You are viewing a plain text version of this content. The canonical link for it is here.

Posted to solr-user@lucene.apache.org by Grant Ingersoll <gs...@apache.org> on 2017/05/11 18:16:38 UTC

Learn To Rank Questions

Hi,

Just getting up to speed on LTR and have a few questions (most of which are
speculative at this point and exploratory, as I have a couple of talks
coming up on this and other relevance features):

1. Has anyone looked at what's involved with supporting SparkML or other
models (e.g. PMML)?

2. Has anyone looked at features for text?  i.e. returning TF-IDF vectors
or similar.  FieldValueFeature is kind of like this, but I might want
weights for the terms, not just the actual values.  I could get this via
term vectors, but then it doesn't fit the framework.
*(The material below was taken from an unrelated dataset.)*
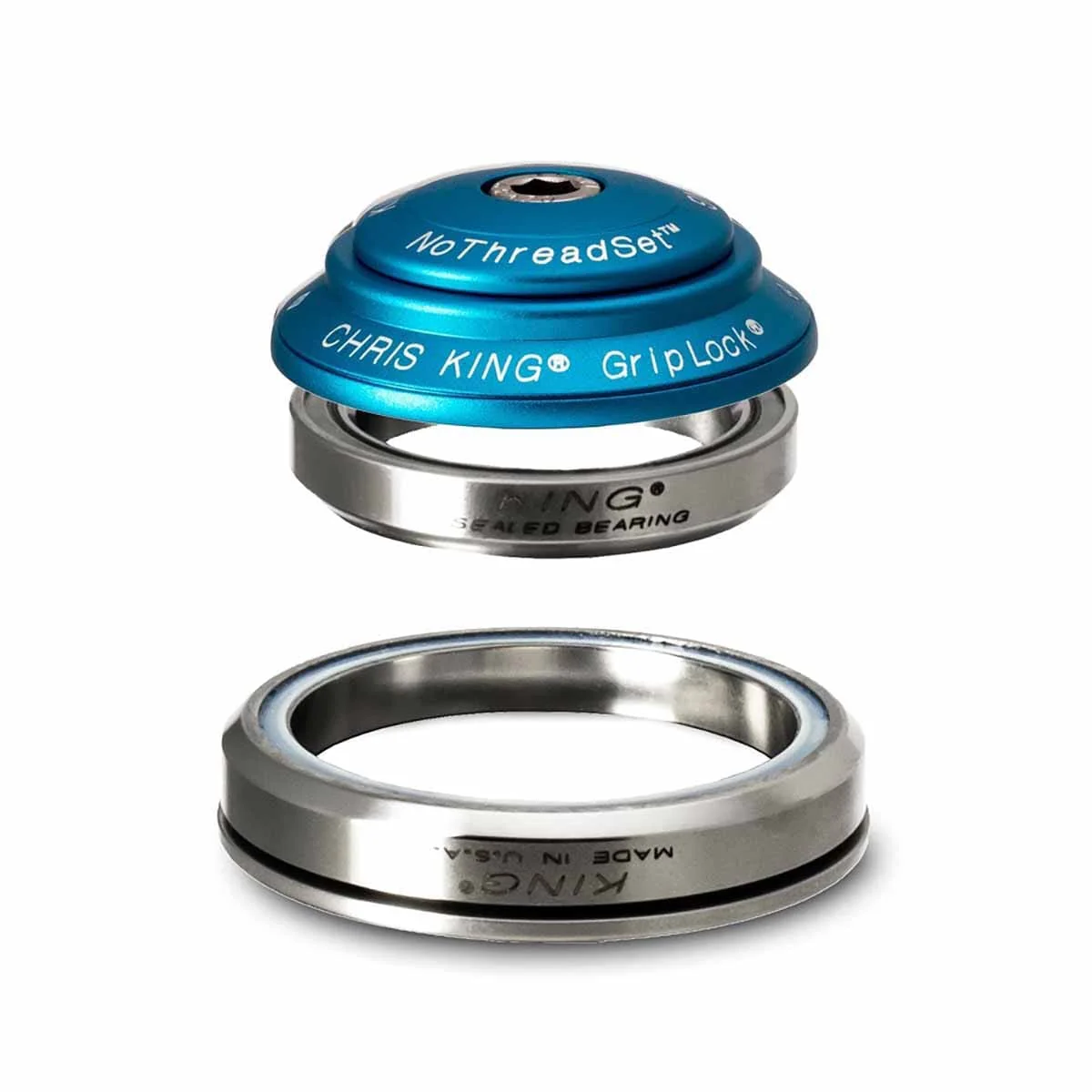 Jeu de Direction Intégré CHRIS KING DROPSET 2 1"1/8-1.5" IS42/IS52 45° Turquoise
3. How about payloads and/or things like boost values for documents as
features?

4. Are there example docs of training and using the
MultipleAdditiveTreesModel?  I see unit tests for them, but looking for
something similar to the python script in the example dir.

On 2 and 3, I imagine some of this can be done creatively via the
SolrFeature and function queries.

Thanks,
Grant

Re: Learn To Rank Questions

Posted by Joël Trigalo <jo...@trovit.com>.

1.
So I think it is a spark problem first (https://issues.apache.org/jir
a/browse/SPARK-10413). What we can do is to create our own model (cf
https://github.com/apache/lucene-solr/tree/master/solr/contr
ib/ltr/src/java/org/apache/solr/ltr/model) that applies the prediction, it
should be easy to do for a simple model, like logistic regression.
For PMML, the idea would also be to implement a Model that reuse a java lib
able to apply PMML.

2.
This function query gives you TF IDF of textField vs userQuery for the doc

 {!edismax qf='textField' mm=100% v=${userQuery} tie=0.1}

Also it seems to me LTR only allows float features which is a limitation.

3.
If the boost value is an index time boost I don't think it is possible. You
could put the feature you want in a field at index time and then use
FieldValueFeature
to extract it.

On Thu, May 11, 2017 at 8:16 PM, Grant Ingersoll <gs...@apache.org>
wrote:

> Hi,
>
> Just getting up to speed on LTR and have a few questions (most of which are
> speculative at this point and exploratory, as I have a couple of talks
> coming up on this and other relevance features):
>
> 1. Has anyone looked at what's involved with supporting SparkML or other
> models (e.g. PMML)?
>
> 2. Has anyone looked at features for text?  i.e. returning TF-IDF vectors
> or similar.  FieldValueFeature is kind of like this, but I might want
> weights for the terms, not just the actual values.  I could get this via
> term vectors, but then it doesn't fit the framework.
>
> 3. How about payloads and/or things like boost values for documents as
> features?
>
> 4. Are there example docs of training and using the
> MultipleAdditiveTreesModel?  I see unit tests for them, but looking for
> something similar to the python script in the example dir.
>
> On 2 and 3, I imagine some of this can be done creatively via the
> SolrFeature and function queries.
>
> Thanks,
> Grant
>